From a security point of view, meanwhile, Aruba’s IntroSpect User and Entity Behaviour Analytics uses AI-based machine learning to spot changes in user behaviour that often indicate inside attacks that have evaded perimeter defenses, allowing for better hygiene of the network, and early detection of potential attacks.

“Network insights optimise the network environment for a better user experience,” Emara says. “They can be around business or security, which gives you a better sense for optimising operations. That saves money and makes your business more intelligent. We’re better at doing that with our software-defined architecture than anybody else in the market. When you strip out all the hardware and product names, it’s contextual intelligence that delivers business value.”

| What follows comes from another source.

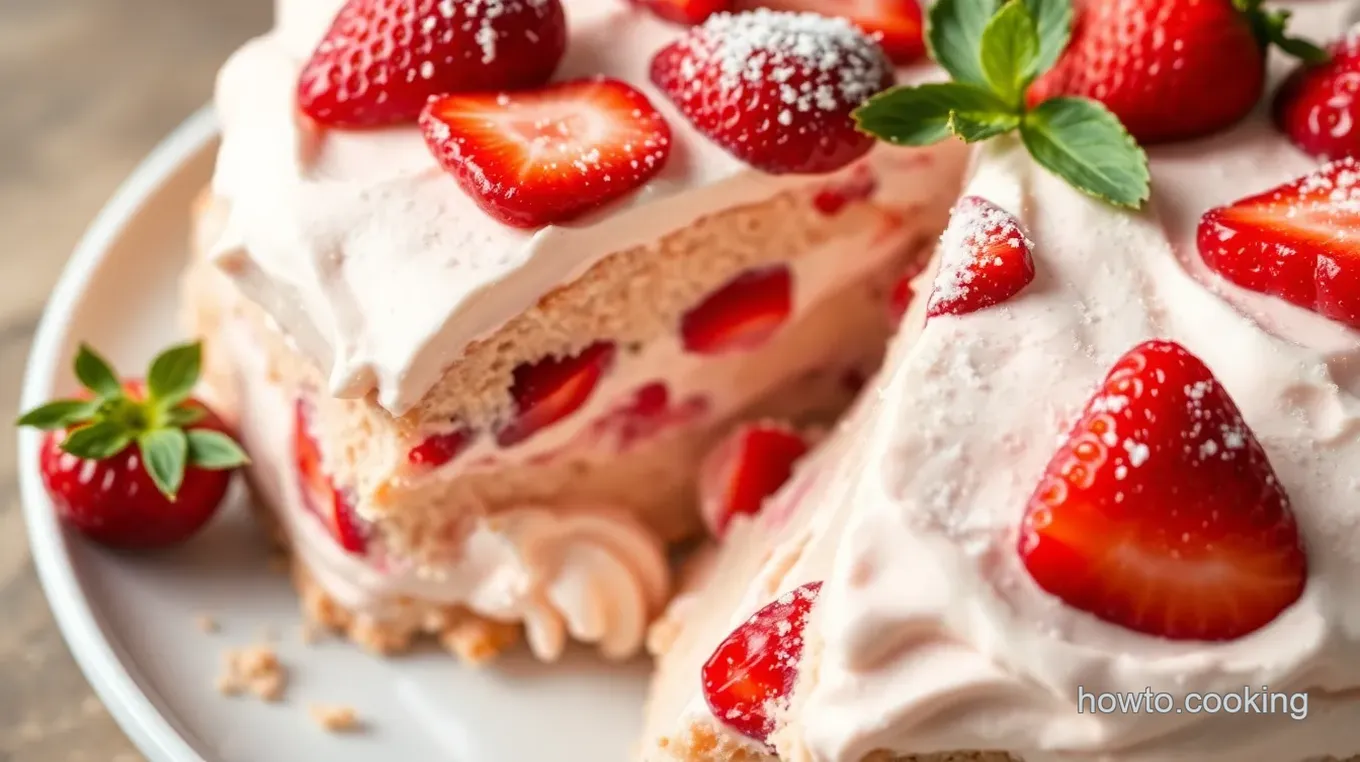 Strawberry Earthquake Cake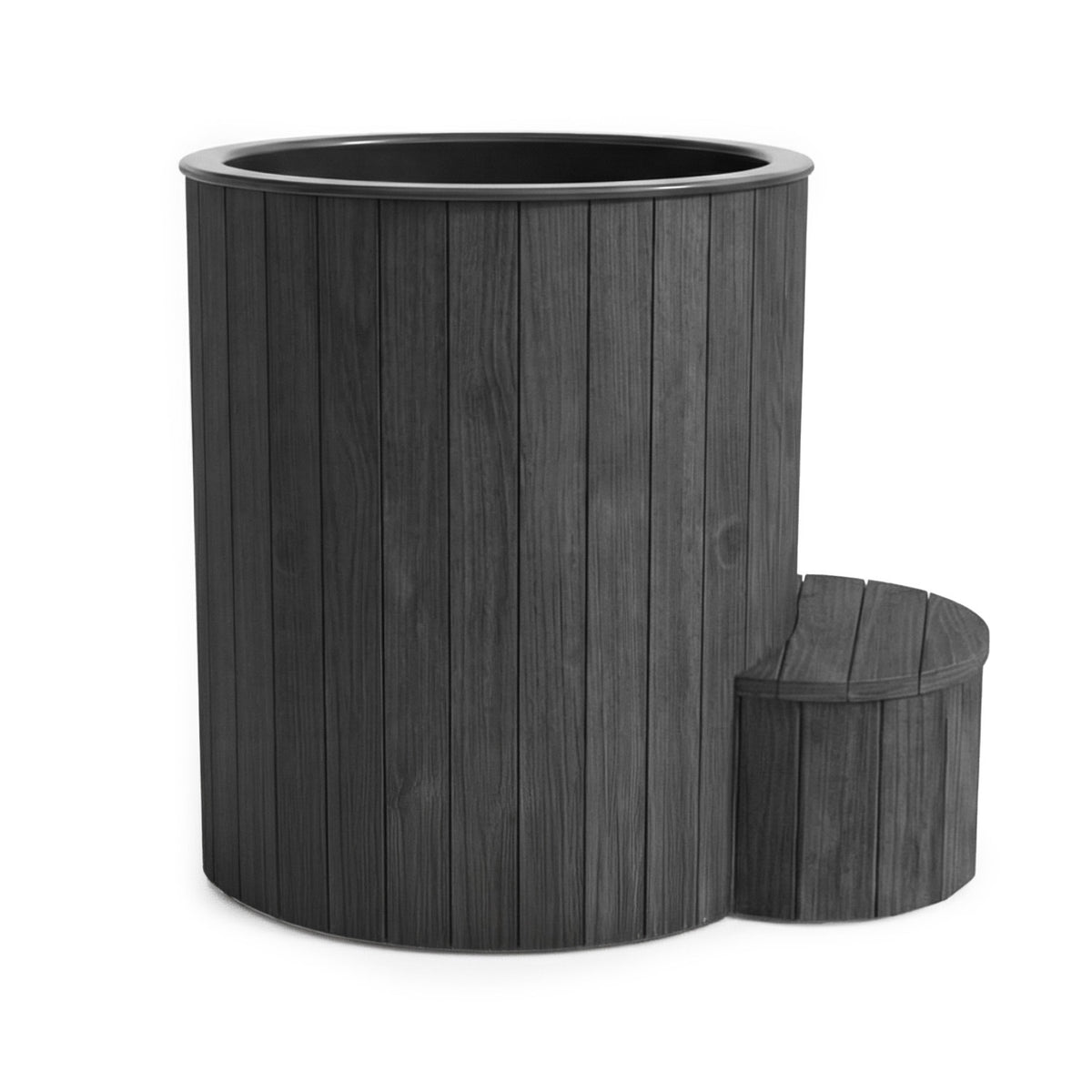SaunaLife S1B Soak Series 1-Person Cold Plunge Tub, Black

Retail is one such example where Emara believes this kind of insight could be invaluable. He envisages network intelligence adding immense value through gaining an improved understanding of customers. “As a shopper walks around walk, there’s a lot of data that a store owner can gain from that,” he says. “What route do they take? Which aisles do they frequent, what produce or cereal do they pick up? There’s a lot of contextual data there that is currently  thrown away. We provide the ability to collect that data intelligently so we know a lot of information about the stores, the devices around the store, the paths people take and the applications being used inside the store. We collect this data in a privacy-friendly, anonymised fashion and are able to generate insights.”

The ability to deliver this insight is central to Aruba’s philosophy, and is where Emara believes the firm truly sets itself apart. “We offer wired and wireless infrastructures to our customers and security software that goes on top of it,” he says. “The difference is in the intelligence layer. We all sell software. It’s about the intelligence we give our customers.At the heart of our architecture is a contextual intelligence that we can create aroundreal-time situations that are happening inside the enterprise.”

Emara is hugely optimistic for GITEX Technology Week 2018, where Aruba is set to announce a partnership with a major Middle East service provider that is going to market with a cloud solution from the firm. “We’re very committed to GITEX as ever,” he says. “It’s a great opportunity to meet existing customers, prospects and channel partners. This year, we’ll be offering a digital transformation tour on our stand, and well as showcasing our infrastructure, software and security solutions, as well as how we can work with our ecosystem partners, to give them a hands-on experience of how we add value.”